---------- The data
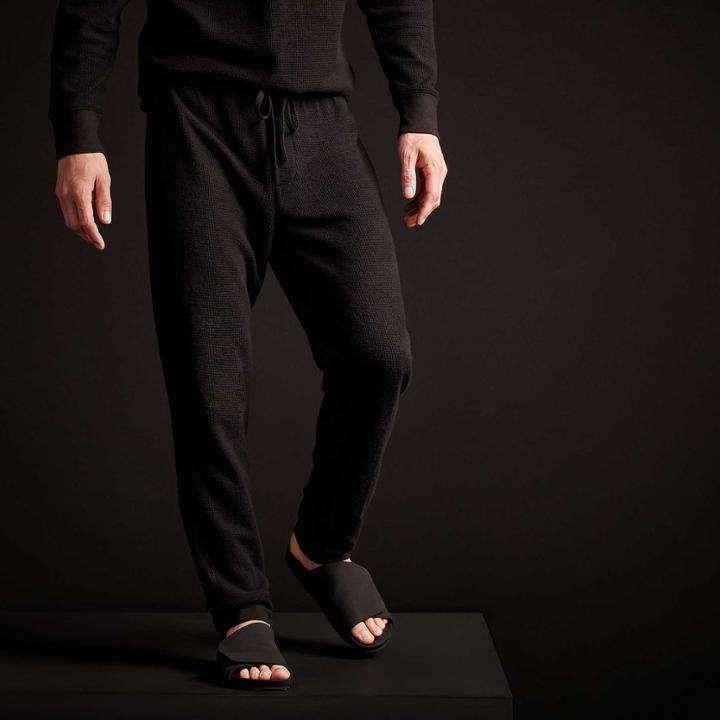 James Perse Thermal Knit Lounge Pant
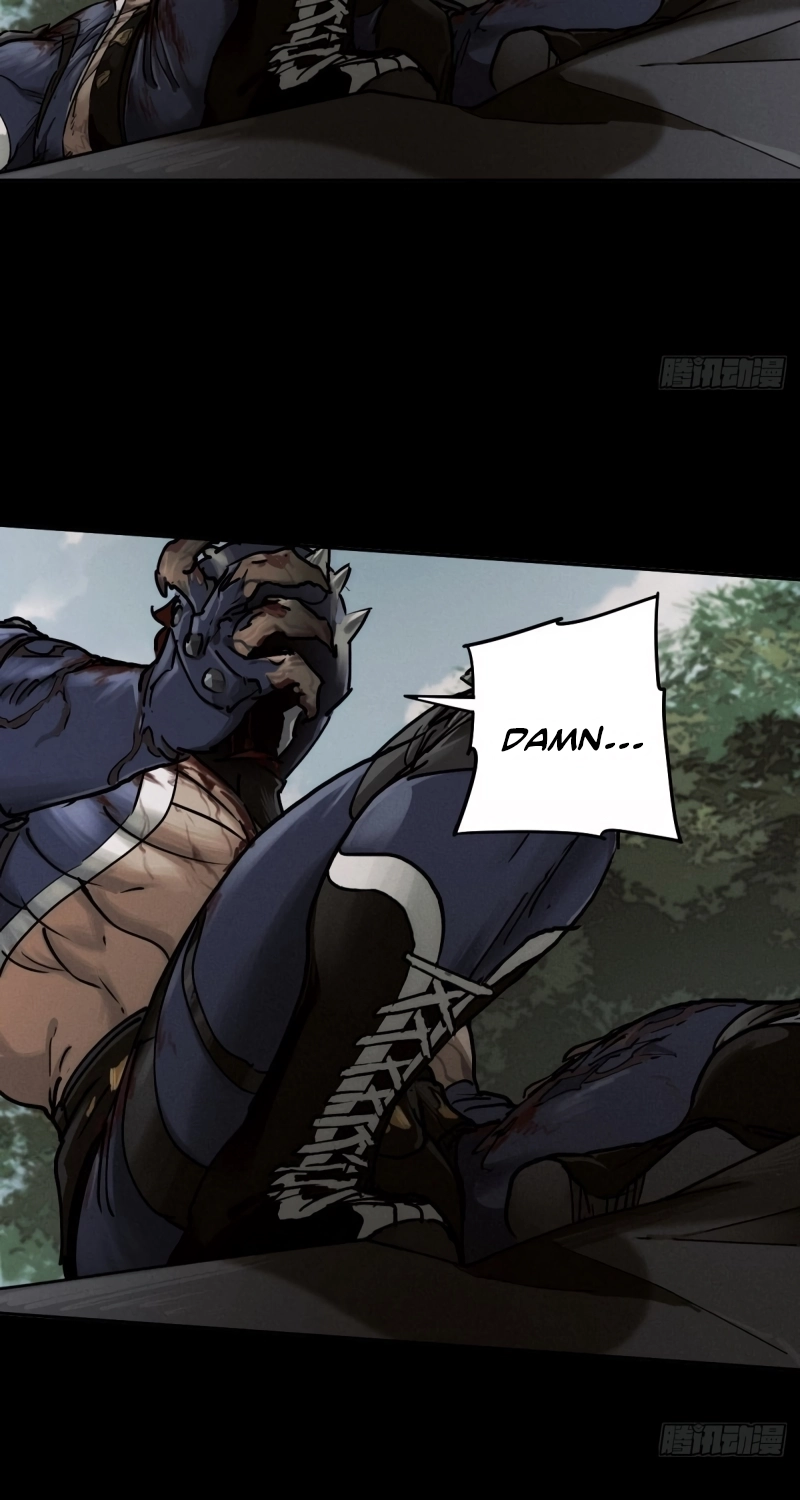 Trace of Doomsday Chapter 93 page 35 - 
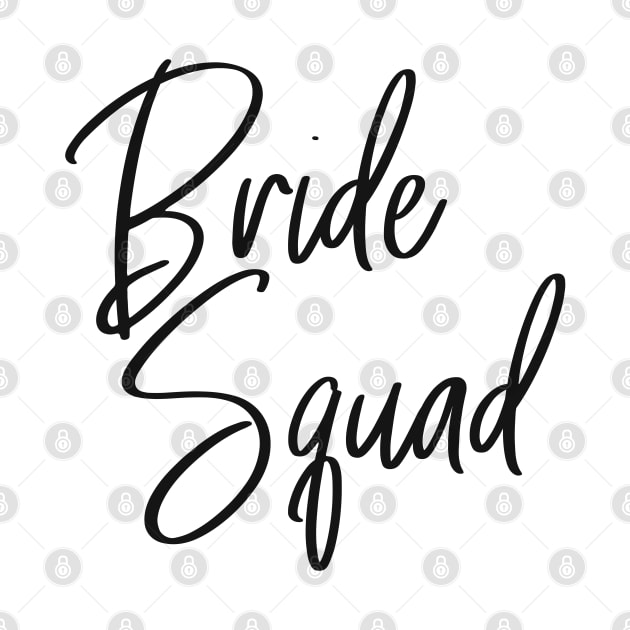 Bride Squad - Bachelorette party by bachelorette_party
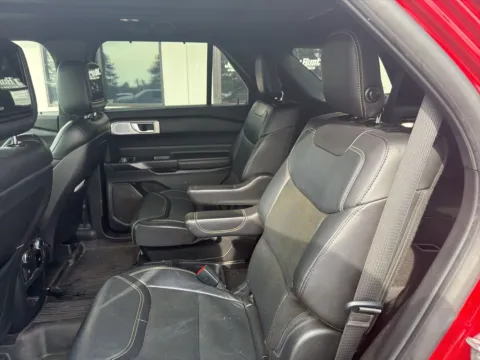 More photos of 2020 Ford Explorer ST at Jerry Hunt Supercenter - Lexington, NC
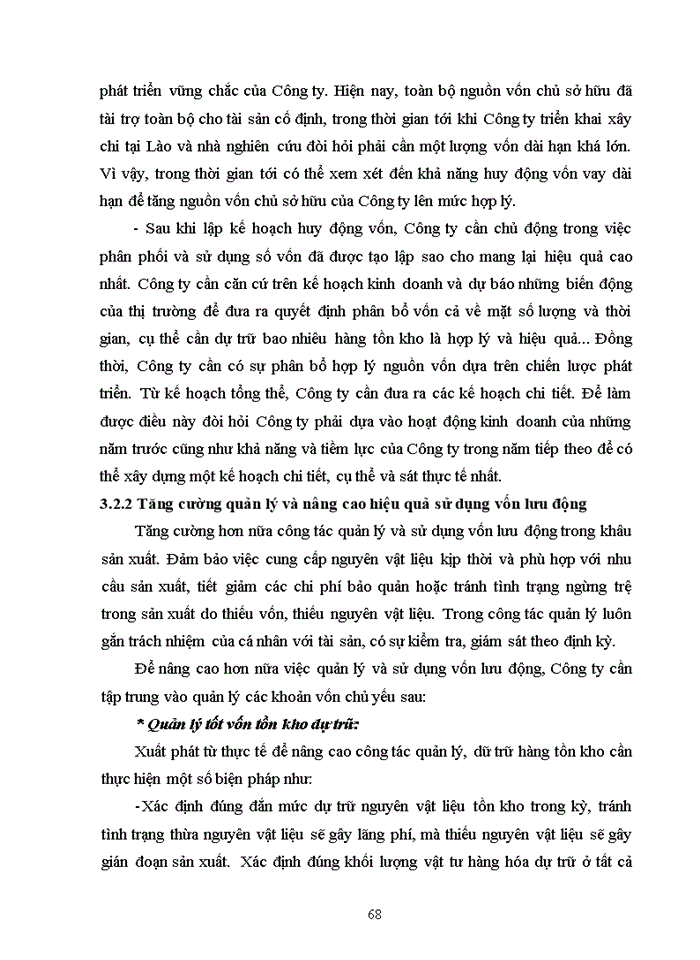 image for page Nâng cao hiệu quả sử dụng vốn của công ty cổ phần dược vật tư y tế thanh hóa 2020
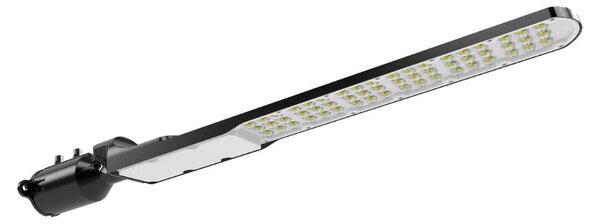 LUXULA Lampione a LED, SLIM, EEK: E, 150W, 18000lm, 5000K, IP65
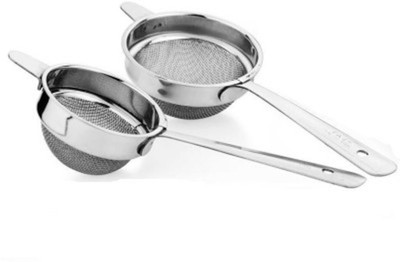 

Hariom Enterprises Tea Strainer(Pack of 2)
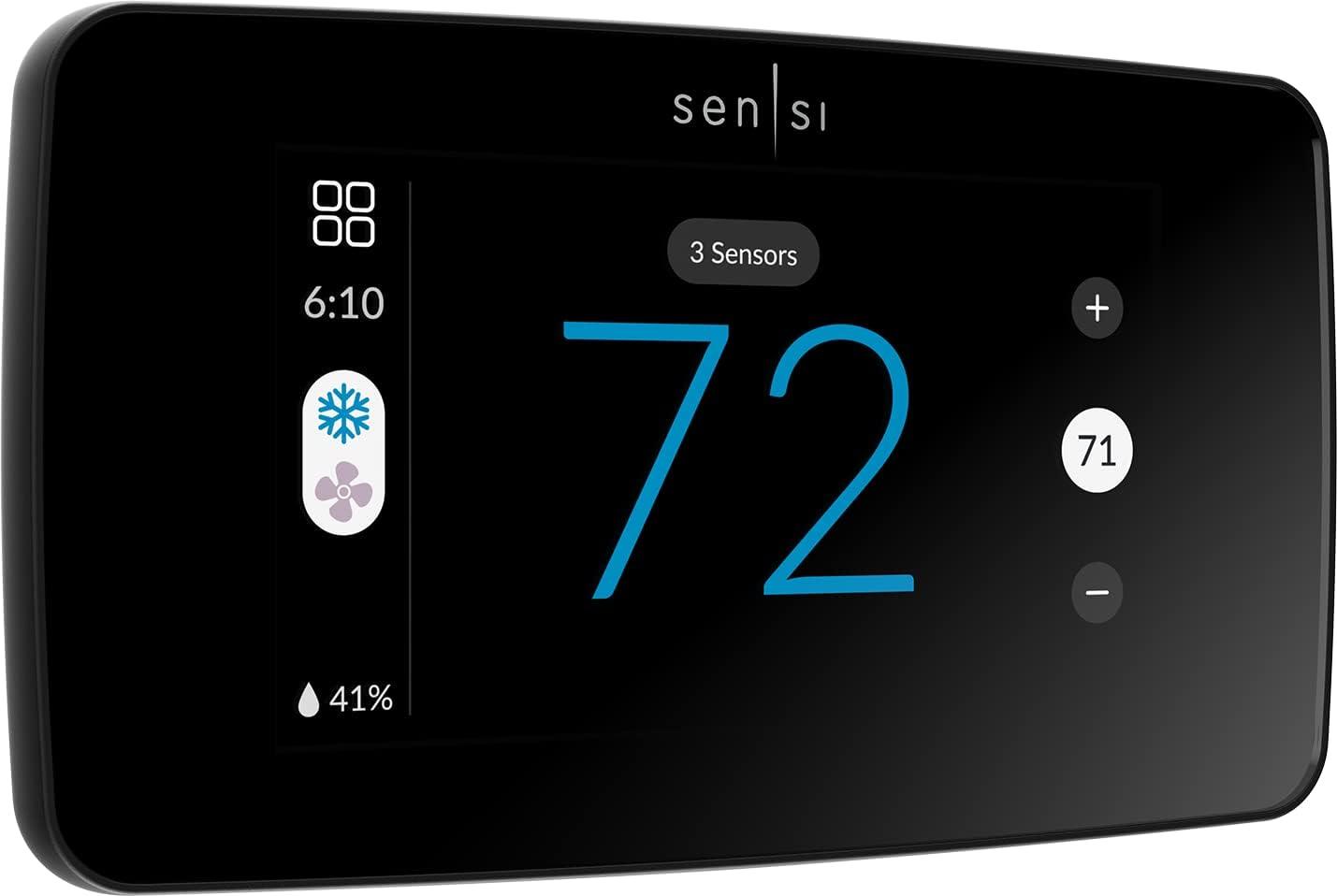 Sensi Touch 2 Review: Smart Energy Savings Meets Privacy Protection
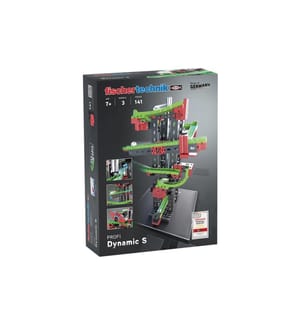 Fischertechnik - Kugelbahn Dynamic S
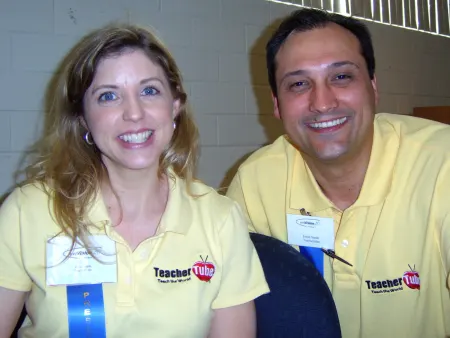 EXCLUSIVE - TeacherTube Founders Interview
--------------------
Return every line above exactly, omitting images.

Solution to this exercise
 James Perse Thermal Knit Lounge Pant
 Trace of Doomsday Chapter 93 page 35 - 
 Bride Squad - Bachelorette party by bachelorette_party
 More photos of 2020 Ford Explorer ST at Jerry Hunt Supercenter - Lexington, NC
 image for page Nâng cao hiệu quả sử dụng vốn của công ty cổ phần dược vật tư y tế thanh hóa 2020
 LUXULA Lampione a LED, SLIM, EEK: E, 150W, 18000lm, 5000K, IP65

Hariom Enterprises Tea Strainer(Pack of 2)
 Sensi Touch 2 Review: Smart Energy Savings Meets Privacy Protection
 Fischertechnik - Kugelbahn Dynamic S
 EXCLUSIVE - TeacherTube Founders Interview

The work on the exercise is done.